When dispatched in a tree, invoking this method prevents event from reaching any objects other than the current object.

event . stopImmediatePropagation()

Invoking this method prevents event from reaching any registered event listeners after the current one finishes running and, when dispatched in a tree, also prevents event from reaching any other objects.

event . bubbles

Returns true or false depending on how event was initialized. True if event goes through its target attribute value’s ancestors in reverse tree order, and false otherwise.

event . cancelable

Returns true or false depending on how event was initialized. Its return value does not always carry meaning, but true can indicate that part of the operation during which event was dispatched, can be canceled by invoking the preventDefault() method.

event . preventDefault()

If invoked when the cancelable attribute value is true, and while executing a listener for the event with passive set to false, signals to the operation that caused event to be dispatched that it needs to be canceled.

event . defaultPrevented

Returns true if preventDefault() was invoked successfully to indicate cancelation, and false otherwise.

event . composed

Returns true or false depending on how event was initialized. True if event invokes listeners past a ShadowRoot node that is the root of its target attribute value, and false otherwise.

event . isTrusted

Returns true if event was dispatched by the user agent, and false otherwise.

event . timeStamp

Returns the event’s timestamp as the number of milliseconds measured relative to the time origin.

The type attribute must return the value it was initialized to. When an event is created the attribute must be initialized to the empty string.

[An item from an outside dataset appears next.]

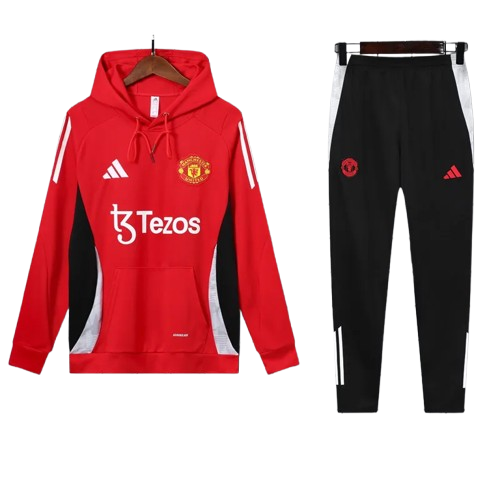 24-25 Man Utd Red Hoodie Tracksuit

The target and currentTarget attributes must return the values they were initialized to. When an event is created the attributes must be initialized to null.

The composedPath() method, when invoked, must run these steps:

1. Let composedPath be a new empty list.

2. Let currentTarget be context object’s currentTarget attribute value.

3. For each tuple in context object’s path:

   1. If currentTarget is a Window object, then:

      1. If tuple’s item is not a node, or tuple’s item is not closed-shadow-hidden from tuple’s item’s shadow-including root, then append tuple’s item to composedPath.

   2. Otherwise, if currentTarget is a node and tuple’s item is not closed-shadow-hidden from currentTarget, or currentTarget is not a node, then append tuple’s item to composedPath.

4. Return composedPath.

This algorithm assumes that when the target argument to the dispatch algorithm is not a node, none of the tuples in event argument’s eventual path will contain a node either.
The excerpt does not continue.